Siobhan señaló un determinado párrafo de una de las hojas.
—Estas son las descripciones que parecen referirse a Cafferty.
Rebus las leyó.
—En dos de ellas se afirma que llevaba chaqueta de cuero negro.
—Que es lo que suele vestir —dijo Siobhan—. A la comisaría vino con una así.
—Mientras que en otras dos se dice que era una chaqueta deportiva color marrón.
—Sí, pero bebieron docenas de botellas de champán —añadió Siobhan.
—Y uno de los invitados dice que tenía pelo negro y añade que era «bastante alto». ¿Cuánto mide Cafferty? ¿Uno setenta y cinco? ¿Tú consideras que eso es ser alto?
—Quizá si la persona que lo describió era más bien baja… ¿Por qué lo dices?
—Pues porque a lo mejor estamos hablando de dos personas distintas.
—¿Cafferty y otro?
—Otro que tenga cierto parecido físico con él —añadió Rebus asintiendo con la cabeza—. Más alto que Cafferty y con el pelo menos canoso.
—Y que llevaba chaqueta marrón. Con eso se reduce bastante la incertidumbre —dijo Siobhan advirtiendo que Rebus, inmerso en una profunda reflexión, no captaba el sarcasmo—. ¿El señor Montrose en cuestión? —añadió.
—Tal vez comenzamos a discernir algo, Siobhan. Es un esbozo, pero válido.
—¿Y cómo seguimos? —preguntó ella con cara de cansancio.
Habían estado trabajando sin parar y ahora, en su casa, tenía ganas de darse un baño y ver la tele un par de horas sin pensar.

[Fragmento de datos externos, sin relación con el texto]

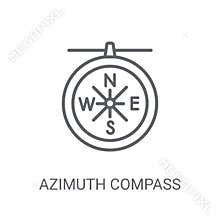 Azimuth compass icon. Trendy Azimuth compass logo concept on whi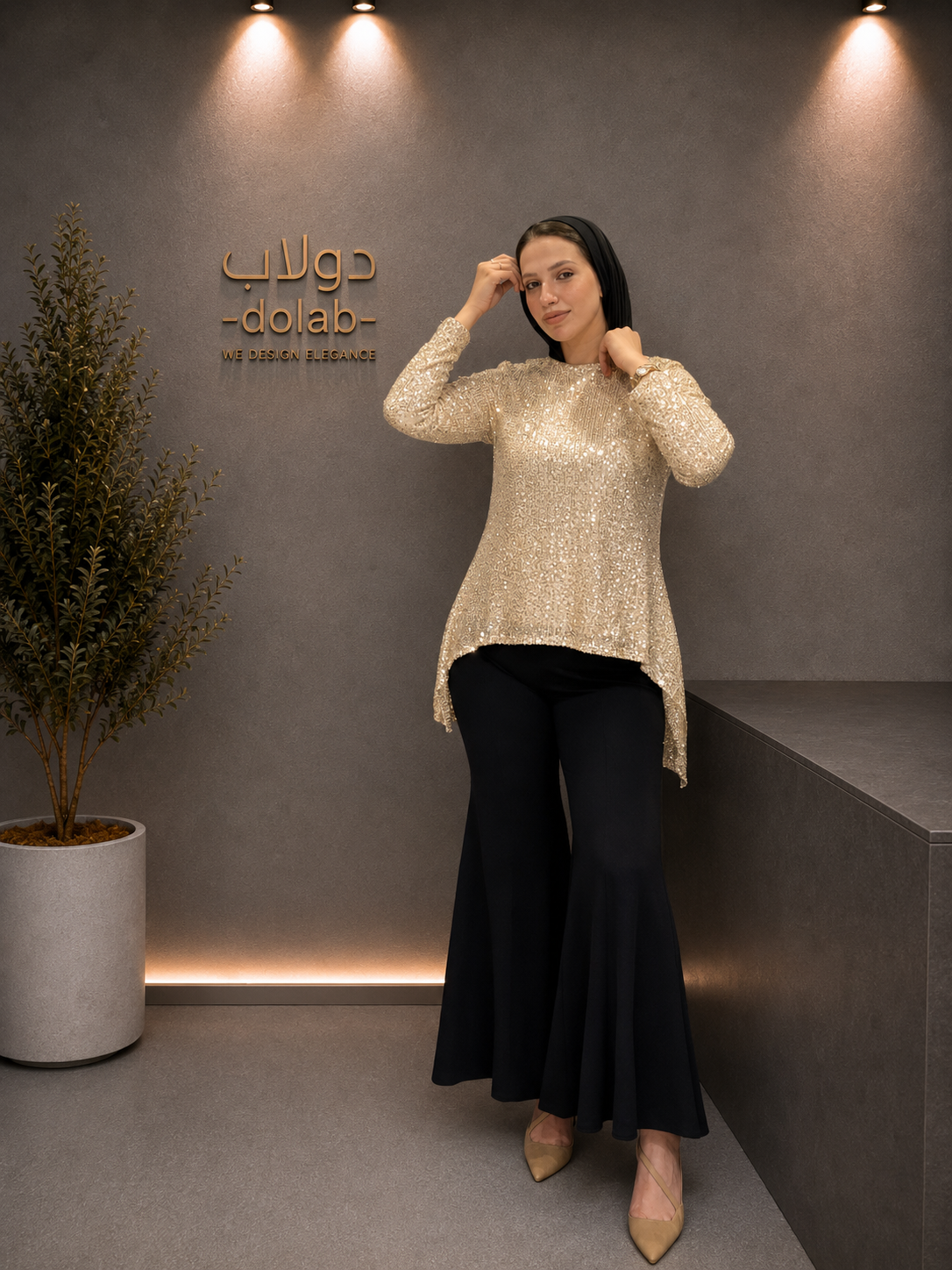 Sequin Soiree Top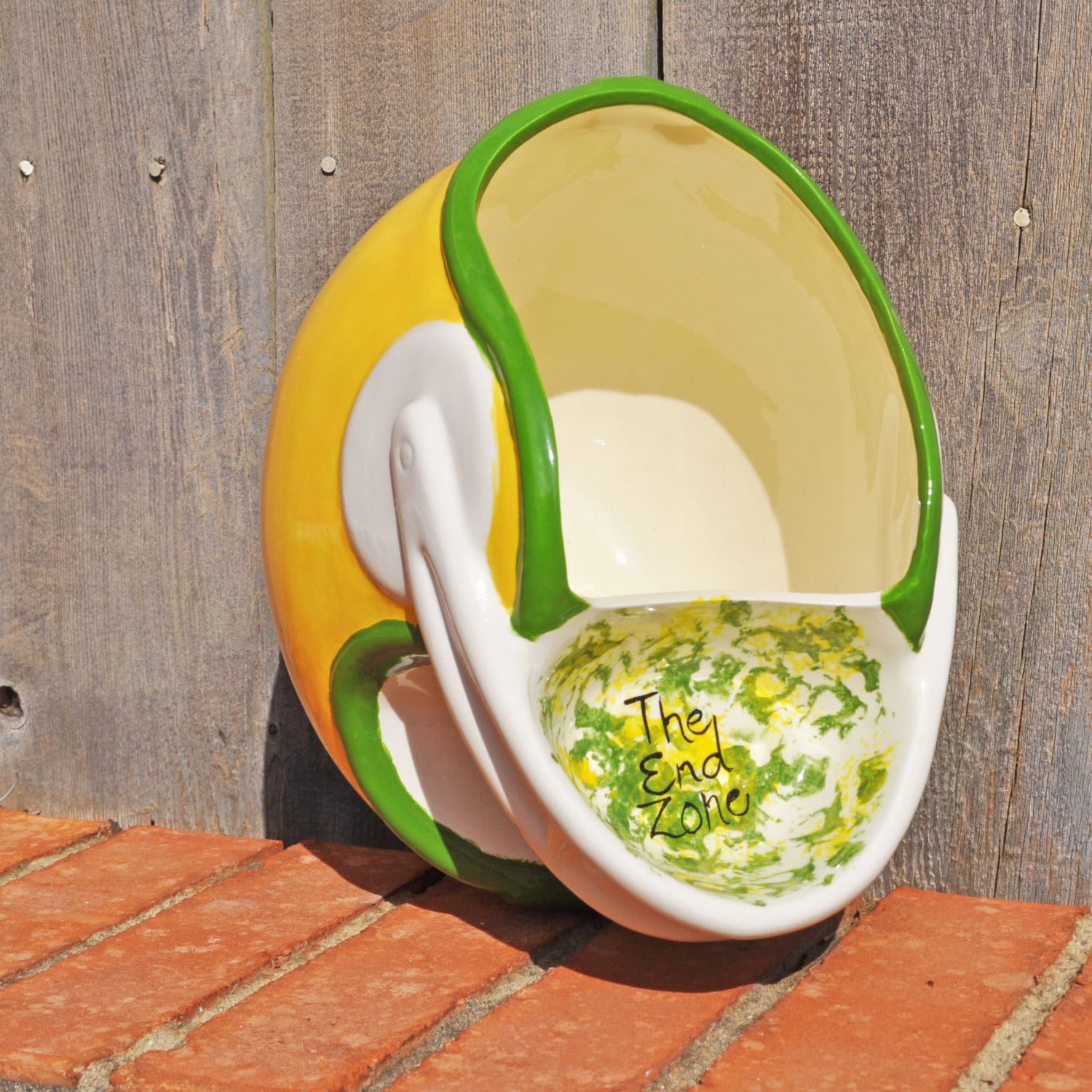 Green and Gold Football Helmet Chip and Dip Server Etsy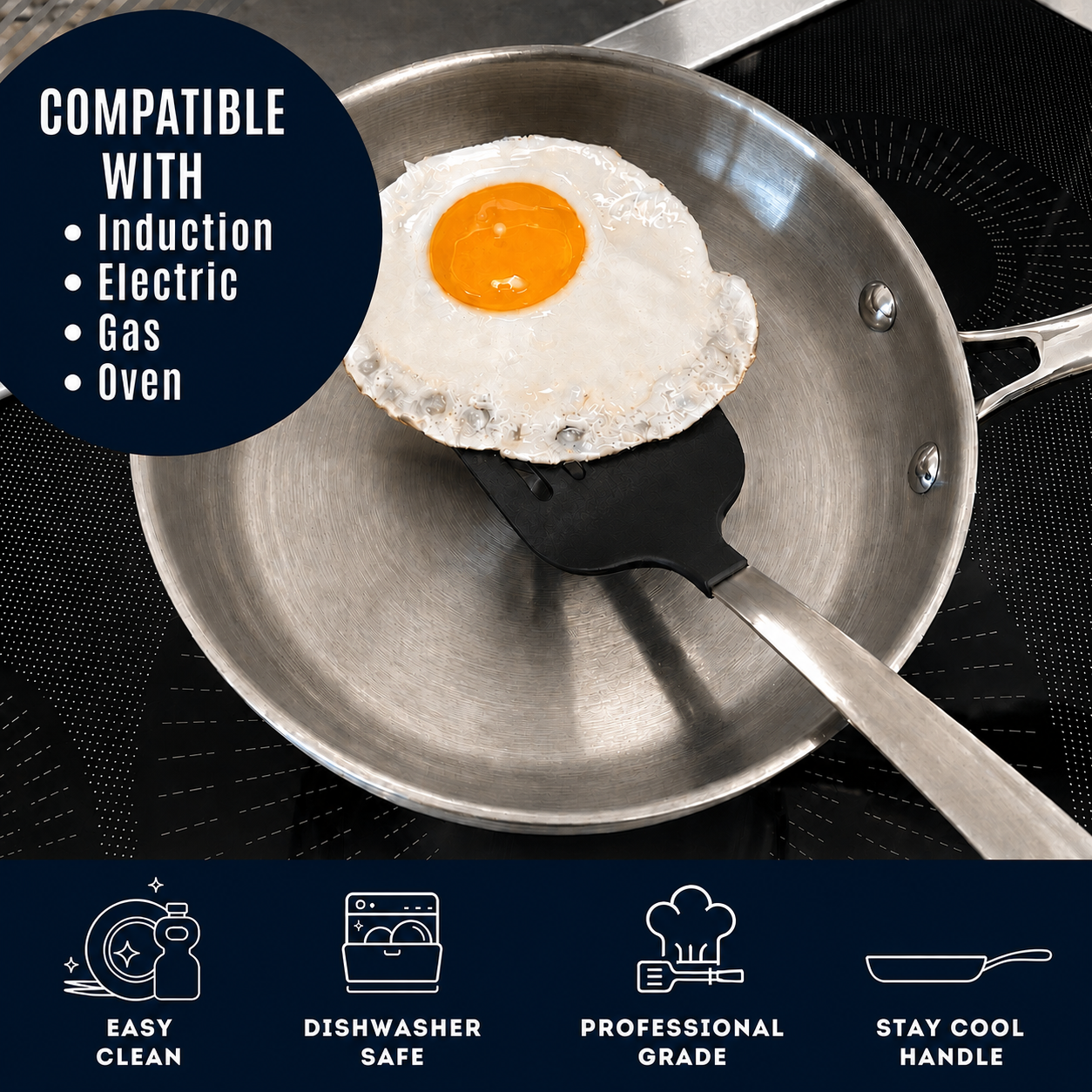 CoreClad 8 IN Tri-Ply Stainless Steel Skillet · Seville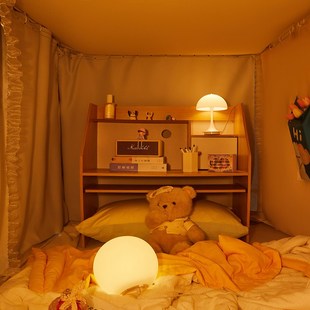 复古法式大学生宿舍专用床帘蚊帐一体式上下铺通用全包强遮光床幔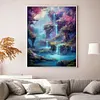 Landscape Waterfall - 11CT Stamped Cross Stitch - 40*50cm - Natural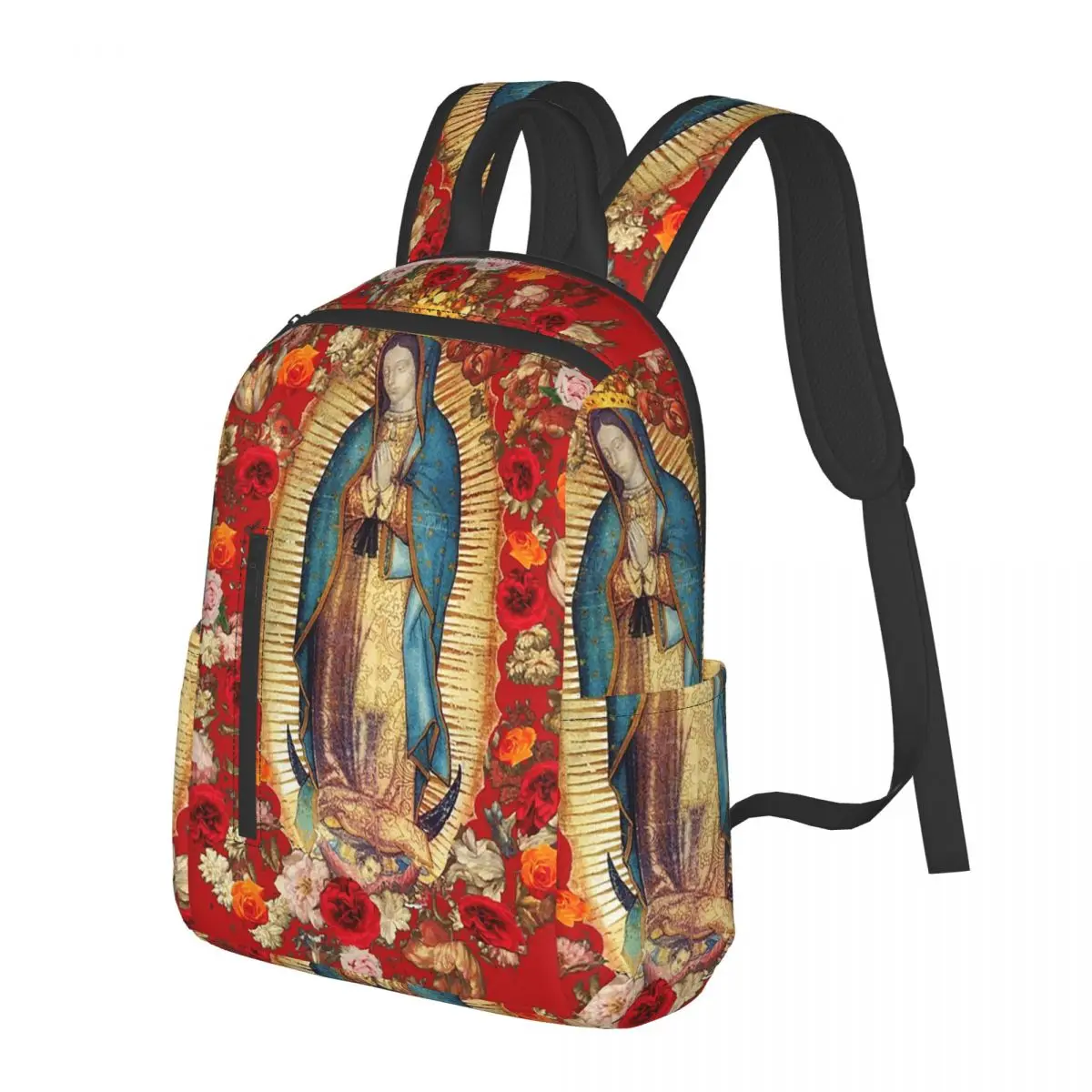 

Gracias Mader Mia Virgin Mary Virgin Guadalupe Student Backpack School Bag Hiking Travel Daypack for Kids Bookbag Shoulder Bags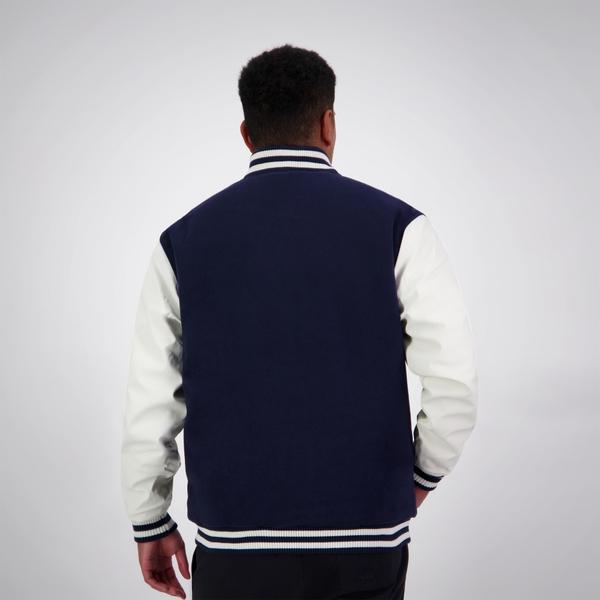 Canterbury Of New Zealand ADULT CCC LETTERMAN JACKET NAVY & WHITE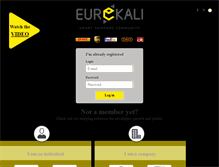 Tablet Screenshot of eurekali.com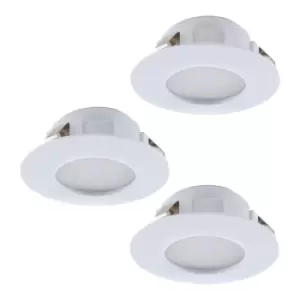 3 PACK Flush Ceiling Downlight White Round Spotlight 6W Built in LED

—Para salir de dudas, creo que deberíamos hacer una visita a Cafferty.
—¿Ahora mismo?
—A lo mejor le encontramos en su casa. Pero antes quiero pasar por la mía para coger una cosa. Ah, y quizá necesitemos hablar con la señora Meikle. Mira, por favor, si figura su número en el listín telefónico.
—Sí, jefe —contestó ella viendo que se perdía en la distancia toda esperanza de un baño y una sesión televisiva.